フランスからマスクが消えた・・ビズーも復活した・・と。
パリの街中を歩いていれば、気候がよくなったこともあり、屋外でマスクをしている人は、ほぼ見られなくなりました。
ここ数週間の大統領選挙活動を見ても、マスク姿の人はほぼ見当たらず、握手をしたり、肩を抱いて写真を撮ったりと、まるでパンデミックの影は消え去ったかのようでした。
マスク嫌いのフランス人の中で、マスクをしての選挙活動はマイナスイメージであるのかもしれませんが、ついこの間、日本に行ったばかりの私にとっては、これはかなりの温度差を感じるものです。

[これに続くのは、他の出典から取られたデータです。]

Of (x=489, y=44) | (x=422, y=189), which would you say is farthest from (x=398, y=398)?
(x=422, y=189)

日本では、本当にどこへ行っても、屋外でさえも、みんながマスクをしていることに逆にビックリしたくらいで、人のいない道だから、ちょっとぐらいはいいだろう・・と、マスクをずらしていたら、どこからか人が出てきて、マスクをずらしているのをスゴい怖い顔で睨まれたりして、「うわっ!!厳しい!日本人!」と身を縮めたくらいだったので、フランスに戻ってからの、フランスのこの緩い様子にどこかホッとすると同時に、「やっぱり、ちょっと怖いな・・」とも思うのです。
さすがにパリでも、バスやメトロの中などは皆、一応マスクはしているので、マスクが全く消滅したのではないんだな・・と逆にホッとするのですが、どうにも不安がつきまとうのは、私の日本人っぽいところなのでしょうか?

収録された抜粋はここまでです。